(Data records)
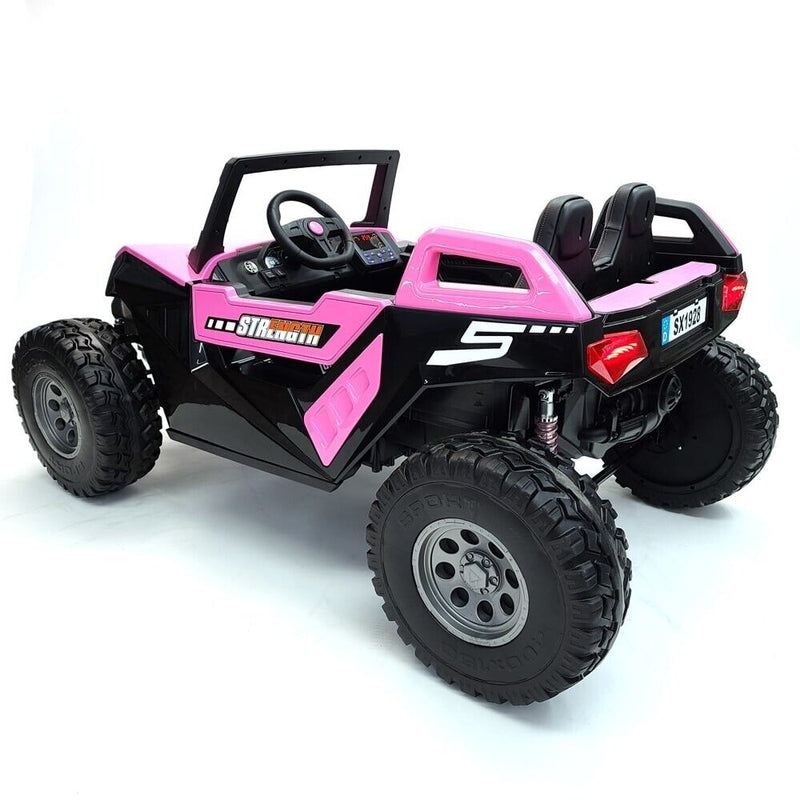 Pink 24V Children's Ride on Car 4×4 UTV Buggy with 2 Seats, Remote Control, and Bluetooth Connectivity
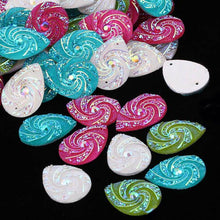 18*25mm Whirlwind Resin Teardrop Gem Sew on Flatback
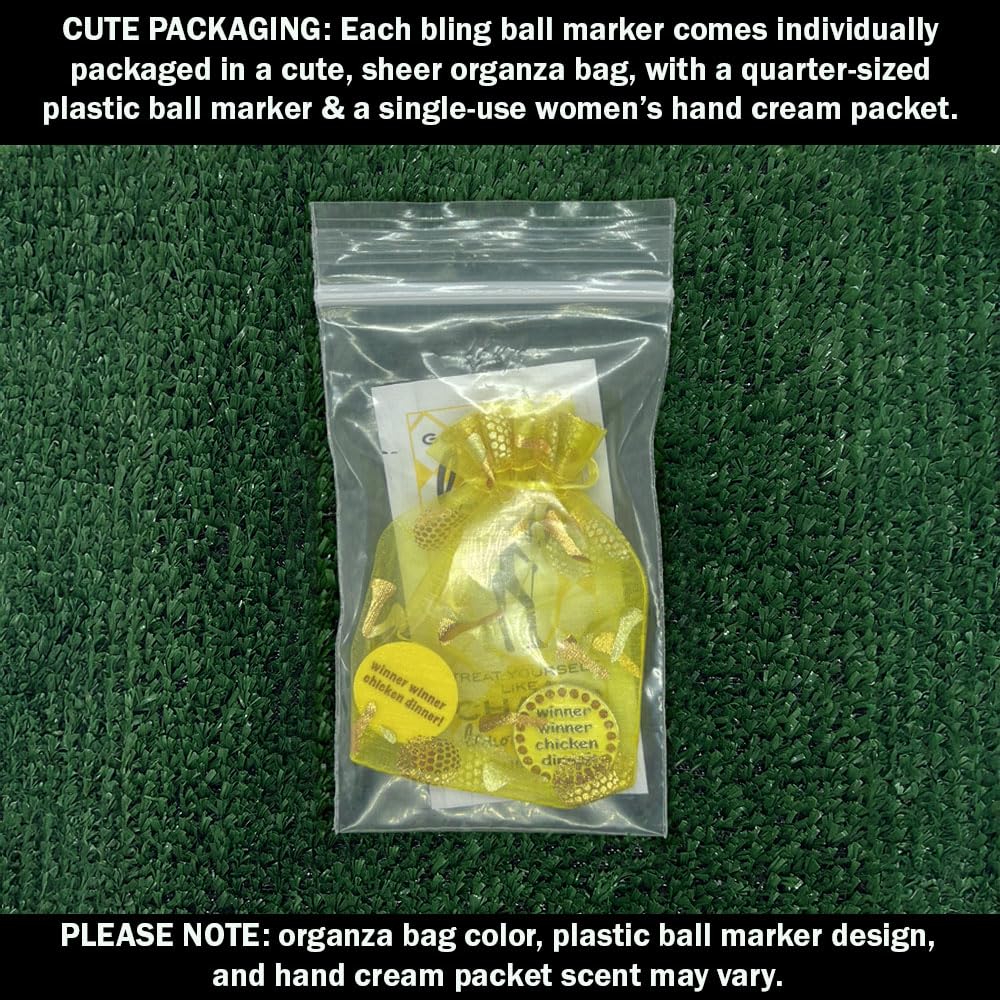 Giggle Golf Bling Winner Winner Golf Ball Marker With A Chicken Hat Clip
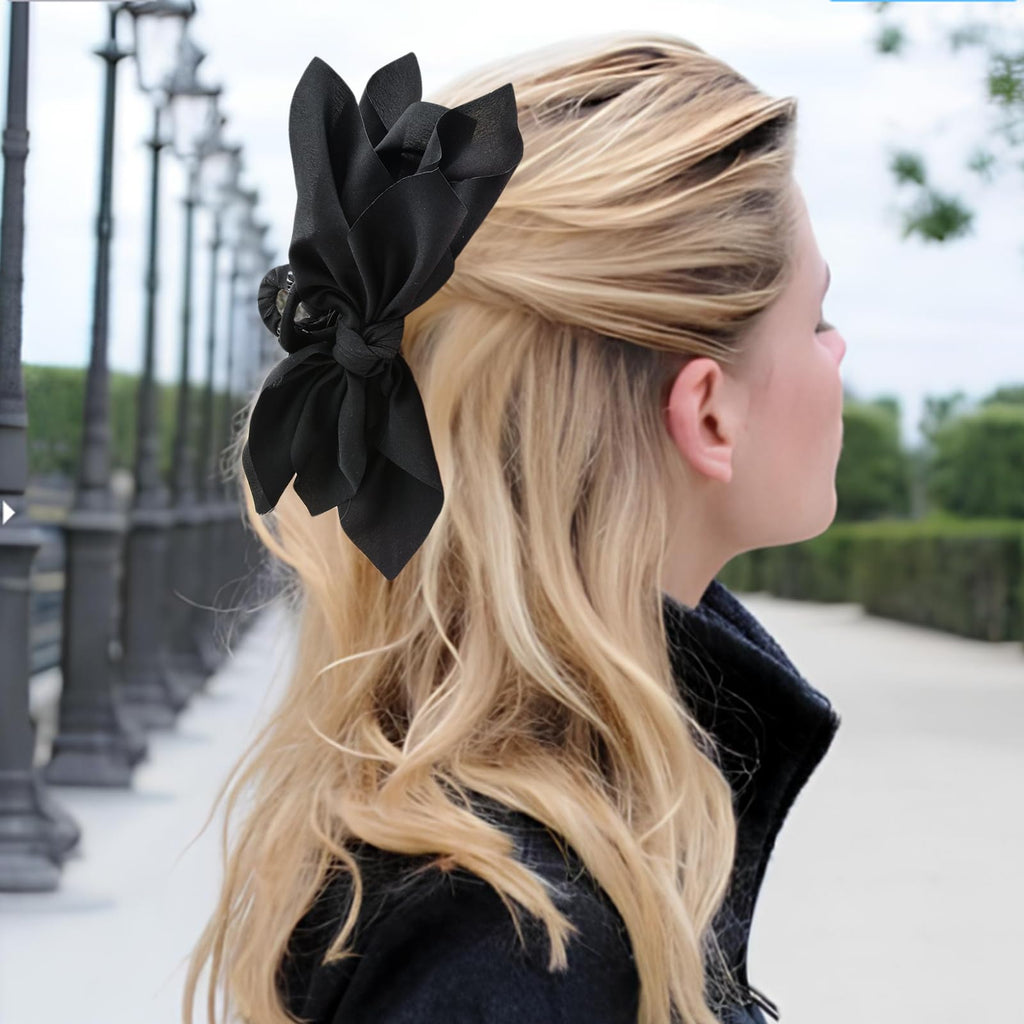 Hadutrek Bow Claw Hair Clips 4PCS Big Hair Bows for Women Butterfly Styling Large Hair Clips for Thin Thick Curly Hair Hair Accessories for Girls Teen Gifts for Ladies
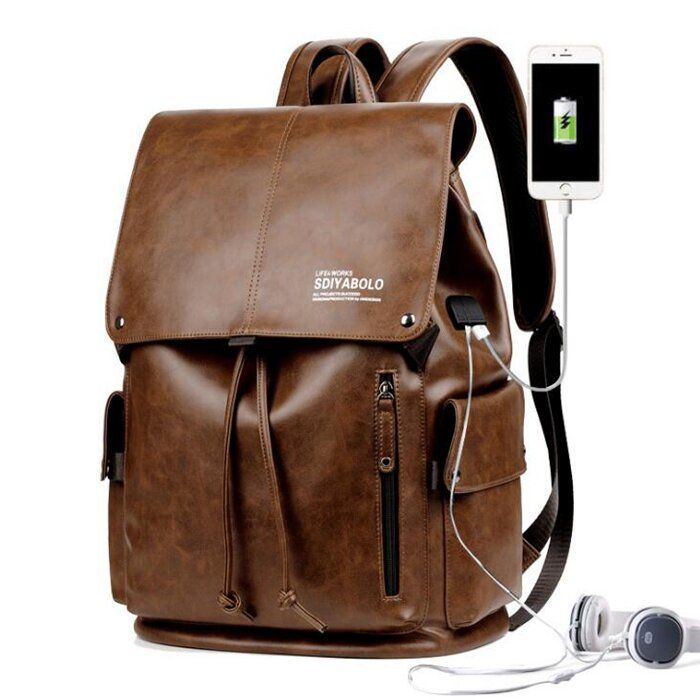 Miesten Solid Casual Multifunction Fashion -reppu Kannettavalle Tietokoneelle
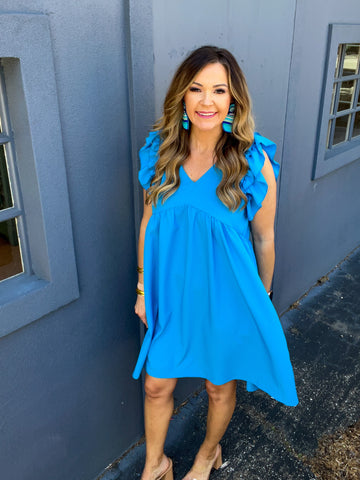 Juliette V-Neck Dress - Blue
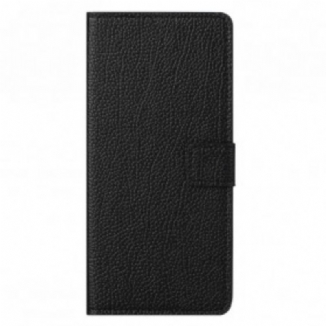 Capa Flip Para Motorola Edge 20 Pro Efeito De Couro Granulado De Lichia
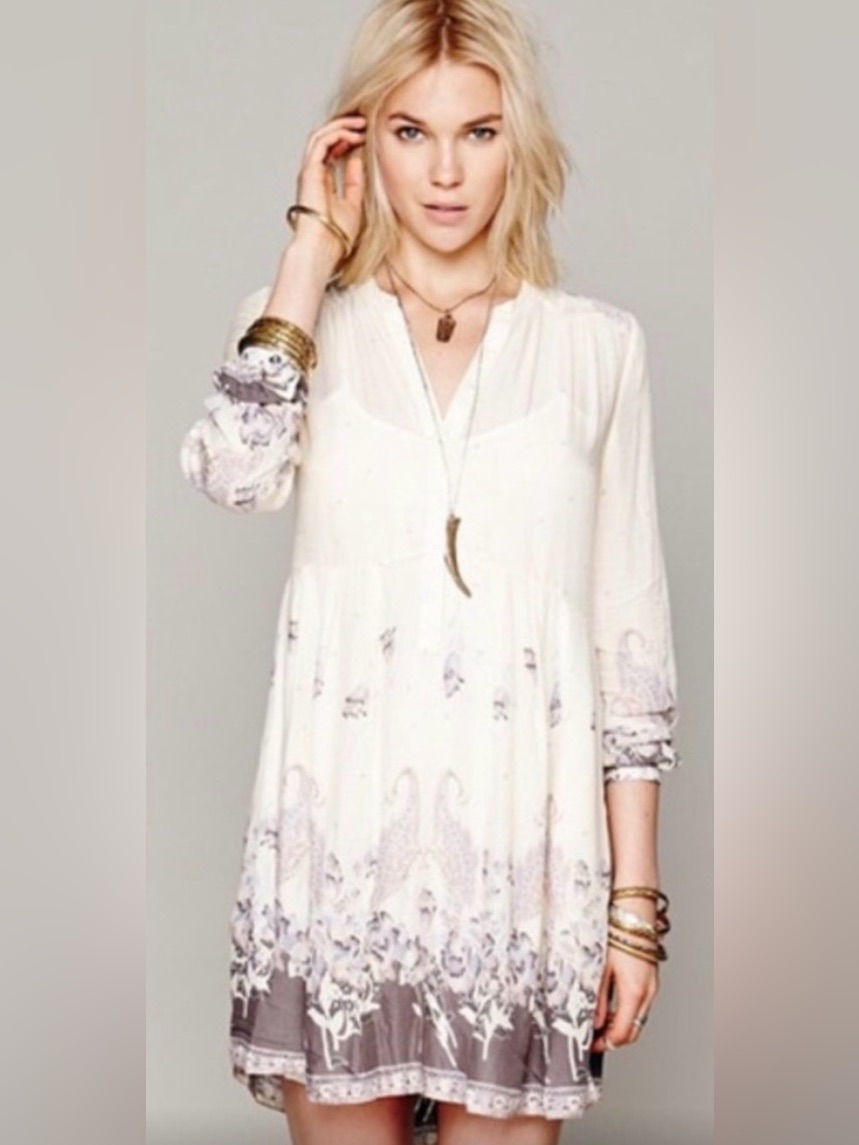 Free People Sierra Valley Boho Tunic Dress Blouse Sz Medium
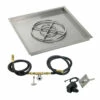 36" Sqaure Drop-In Pan With Spark Ignition Kit (18" Fire Pit Ring) Natural Gas - By American Fireglass - SS-SQPKIT-N-36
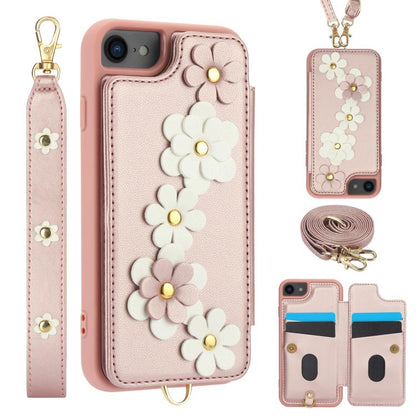 Crossbody Flower Pattern Leather Phone Case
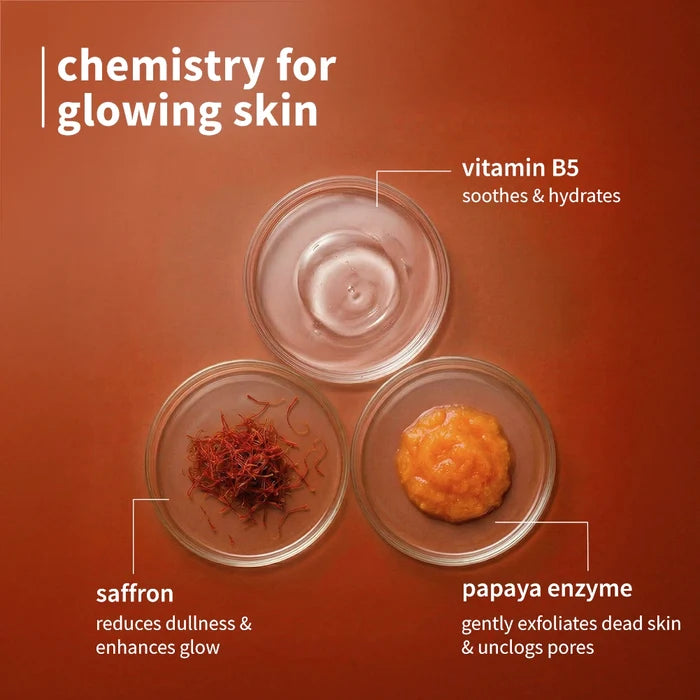 PLUM SAFFRON PAPAYA GLOW BRIGHT FACE WASH | ENHANCES GLOW, BRIGHTENS SKIN 100ml 3.38 fi. oz.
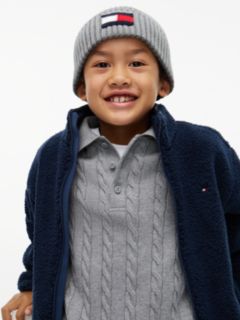 Kids' Flag Logo Heathered Beanie — Grey Heather 4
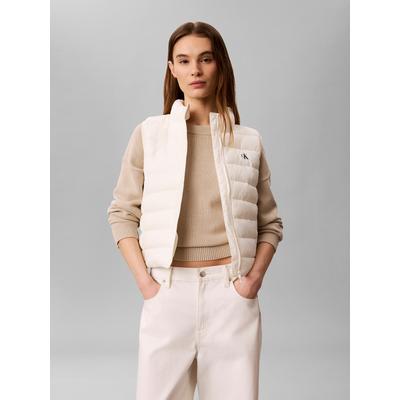 Steppweste CALVIN KLEIN JEANS, Damen, Gr. XXL, weiß (tofu), Web, Obermaterial: 100% Polypropylen, unifarben, taillenbedeckt, hoch geschlossener Ausschnitt, Westen Steppweste, Stehkragen, kurze Form, wattiert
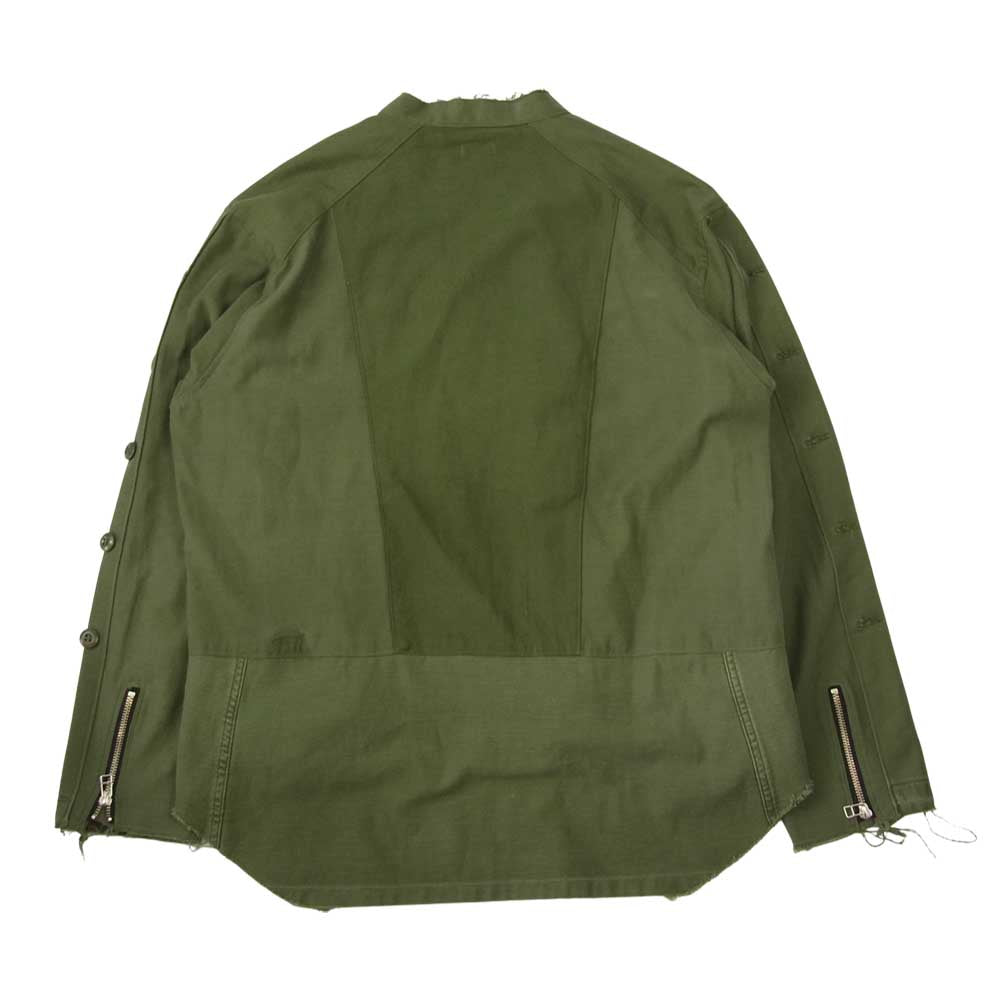 オールドパーク ミリタリー 再構築 リメイク スタンドカラー ジャケット カーキ系 M【中古】
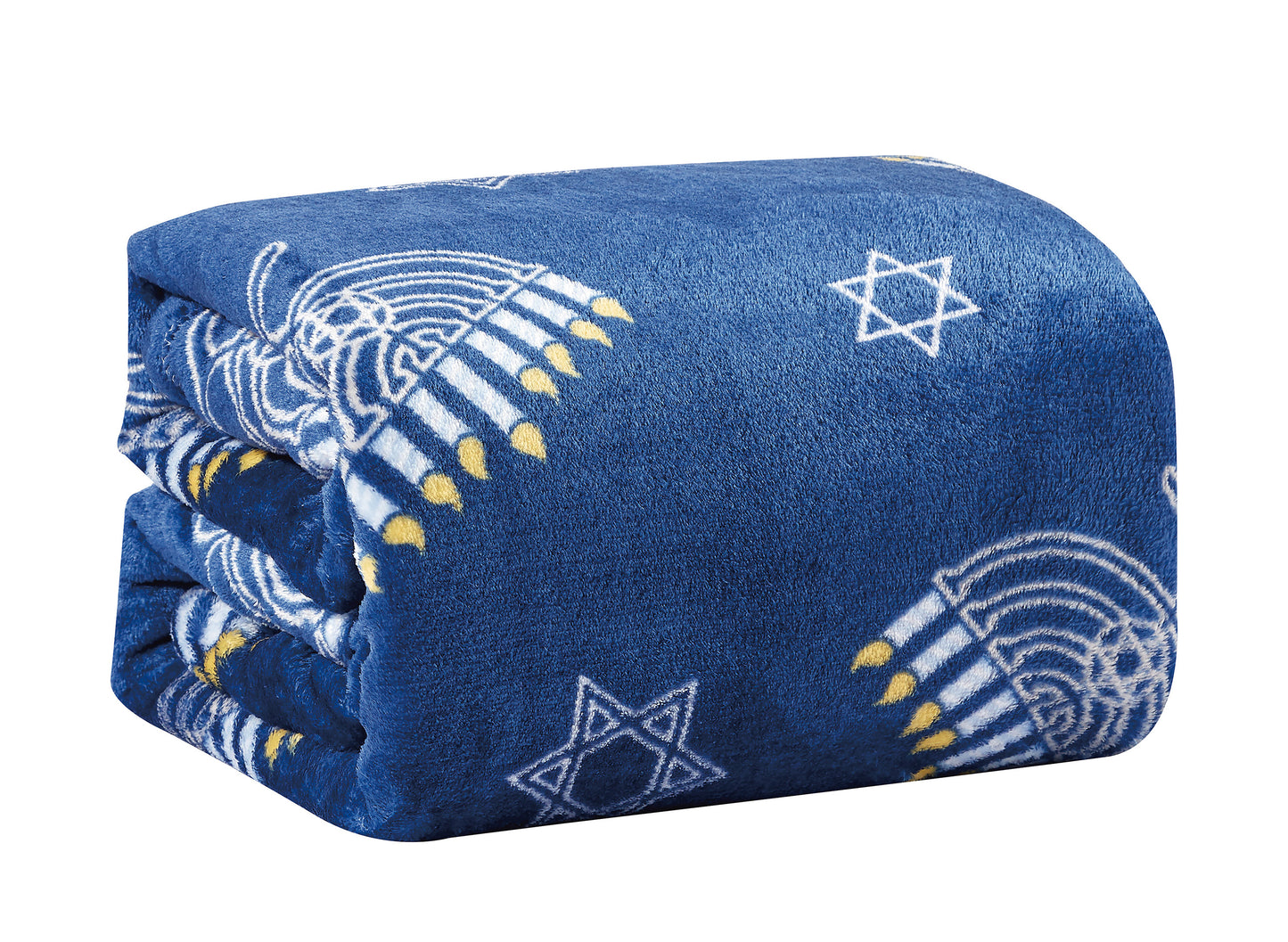 Decor&More Maccabbee Collection Microplush Holiday Throw Blanket (60" x 50") - Hanukkah Menorah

**What the exercise asks**
All lines from the one containing "Fireglass - SS-SQPKIT-N-36" to the end of the entries should appear in the output exactly as written, with no pictures.

**Reply**
 36" Sqaure Drop-In Pan With Spark Ignition Kit (18" Fire Pit Ring) Natural Gas - By American Fireglass - SS-SQPKIT-N-36
 Crossbody Flower Pattern Leather Phone Case
 PLUM SAFFRON PAPAYA GLOW BRIGHT FACE WASH | ENHANCES GLOW, BRIGHTENS SKIN 100ml 3.38 fi. oz.
 Kids' Flag Logo Heathered Beanie — Grey Heather 4
 Steppweste CALVIN KLEIN JEANS, Damen, Gr. XXL, weiß (tofu), Web, Obermaterial: 100% Polypropylen, unifarben, taillenbedeckt, hoch geschlossener Ausschnitt, Westen Steppweste, Stehkragen, kurze Form, wattiert
 オールドパーク ミリタリー 再構築 リメイク スタンドカラー ジャケット カーキ系 M【中古】
 Decor&More Maccabbee Collection Microplush Holiday Throw Blanket (60" x 50") - Hanukkah Menorah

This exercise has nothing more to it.